Observability — Healthcheck, Metrics & Monitoring
Gubernator exposes all observability endpoints on port 4002, which is public (no authentication required) to allow easy scraping by Prometheus and other monitoring tools.
Port 4002 is intentionally public
This port is designed for internal infrastructure monitoring. In production, firewall it from the public internet and only expose it to your Prometheus / monitoring network.
Endpoints Summary
| Endpoint | Method | Description |
|---|---|---|
/health |
GET | JSON health check — use for load balancers and readiness probes |
/metrics |
GET | Prometheus-format metrics (Gubernator + Go runtime) |
/swagger/index.html |
GET | Interactive Swagger UI for the REST API |
Health Check
HTTP Endpoint
Response when healthy:
The endpoint always returns 200 OK as long as the Gubernator process is running. It can be used as:
Prometheus Metrics
Available Metrics
Gubernator Custom Metrics
| Metric | Type | Description |
|---|---|---|
gbnt_total_nodes |
Gauge | Number of nodes currently registered in the cluster |
gbnt_total_tasks |
Gauge | Number of tasks (containers) scheduled in the cluster |
These update every 15 seconds via the internal startWatchtowers() loop.
Go Runtime Metrics (automatic)
| Metric | Description |
|---|---|
go_goroutines |
Number of running goroutines |
go_memstats_alloc_bytes |
Heap memory in use |
go_memstats_sys_bytes |
Total memory obtained from OS |
go_gc_duration_seconds |
GC pause durations (p50, p75, p99) |
go_info |
Go version information |
process_cpu_seconds_total |
CPU time consumed |
process_open_fds |
Number of open file descriptors |
Scraping Manually
# Raw Prometheus text format
curl http://localhost:4002/metrics
# Filter only Gubernator metrics
curl -s http://localhost:4002/metrics | grep "^gbnt_"
Example output:
# HELP gbnt_total_nodes Current number of nodes registered in the cluster.
# TYPE gbnt_total_nodes gauge
gbnt_total_nodes 2
# HELP gbnt_total_tasks Current number of tasks scheduled in the cluster.
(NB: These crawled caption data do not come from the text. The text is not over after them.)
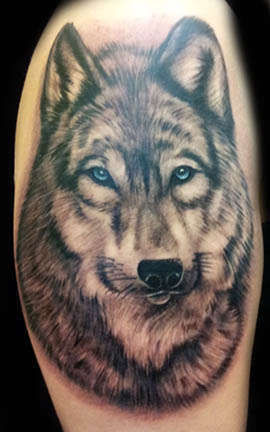 Club-tattoo-angel-las-vegas-wolf-planet-hollywood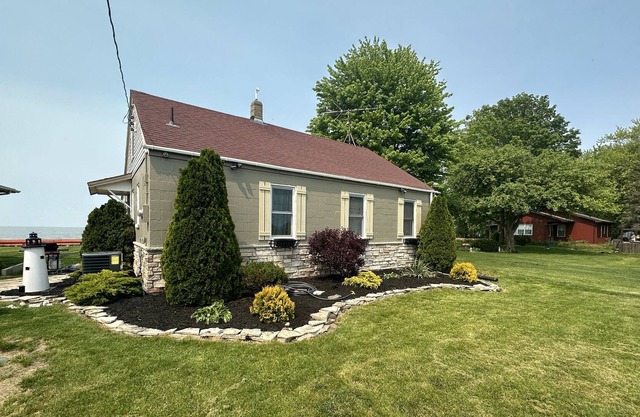 Waterfront Getaway on Lake St. Clair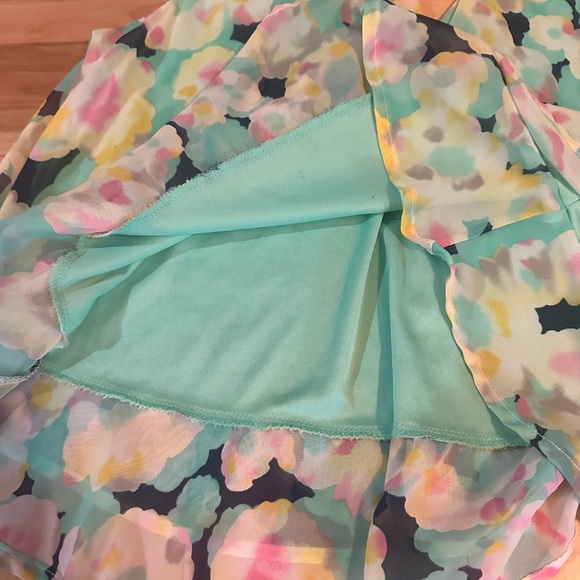 Urban Outfitters Lush floral camisole ruffle layered tank size small - Picture 3 of 8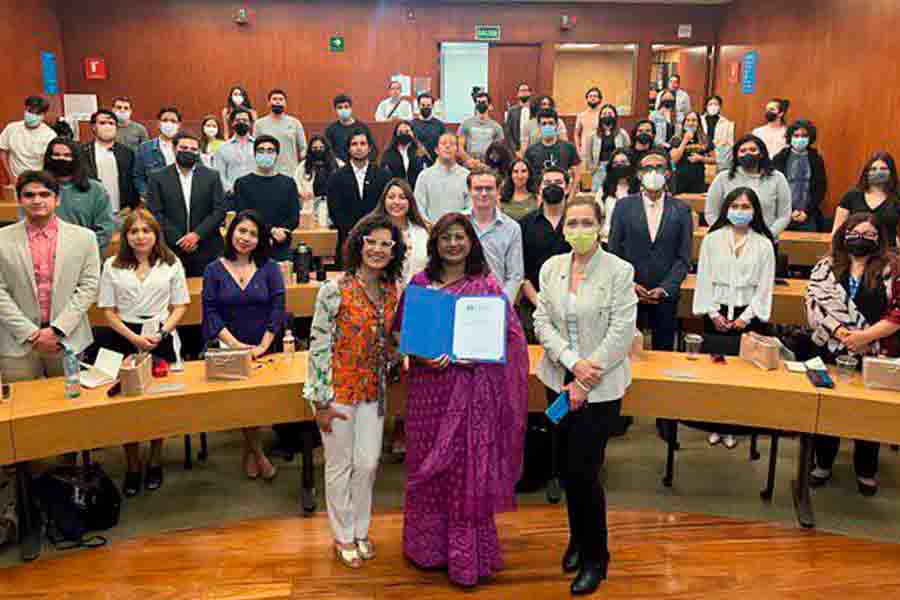 Estudiantes del Tec CSF reciben cátedra de embajadores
# TYPE gbnt_total_tasks gauge
gbnt_total_tasks 5
Prometheus Configuration
Minimal scrape config
Add this to your existing prometheus.yml:
scrape_configs:
- job_name: 'gubernator'
scrape_interval: 15s
metrics_path: '/metrics'
static_configs:
- targets: ['<gubernator-host>:4002']
labels:
service: 'gubernator'
Replace <gubernator-host> with:
- localhost — if Prometheus runs on the same machine
- gubernator — if running in the same Docker Compose network
- host.docker.internal — if Prometheus is in Docker and Gubernator is on the host (Mac/Windows)
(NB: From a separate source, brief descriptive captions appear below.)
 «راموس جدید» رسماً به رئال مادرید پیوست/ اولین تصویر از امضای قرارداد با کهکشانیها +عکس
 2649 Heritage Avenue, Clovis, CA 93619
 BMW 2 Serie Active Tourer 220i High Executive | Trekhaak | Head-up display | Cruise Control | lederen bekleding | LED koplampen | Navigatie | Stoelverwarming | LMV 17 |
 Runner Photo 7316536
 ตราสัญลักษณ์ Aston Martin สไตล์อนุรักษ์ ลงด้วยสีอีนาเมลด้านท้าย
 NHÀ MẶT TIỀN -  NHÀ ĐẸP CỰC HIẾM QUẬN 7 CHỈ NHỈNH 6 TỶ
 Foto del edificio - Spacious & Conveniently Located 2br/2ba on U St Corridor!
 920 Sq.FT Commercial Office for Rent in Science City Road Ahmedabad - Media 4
Monitoring Stack (Prometheus + Grafana)
The repository includes a ready-to-use monitoring/ directory with:
monitoring/
├── docker-compose.yml # Gubernator + Prometheus + Grafana
├── prometheus/
│ └── prometheus.yml # Pre-configured scrape job
└── grafana/
├── provisioning/
│ ├── datasources/prometheus.yml # Auto-connects Prometheus
│ └── dashboards/dashboards.yml # Auto-loads dashboards
└── dashboards/
└── gubernator.json # Pre-built Gubernator dashboard
Start the Full Stack
# Build Gubernator image first (if not using Docker Hub)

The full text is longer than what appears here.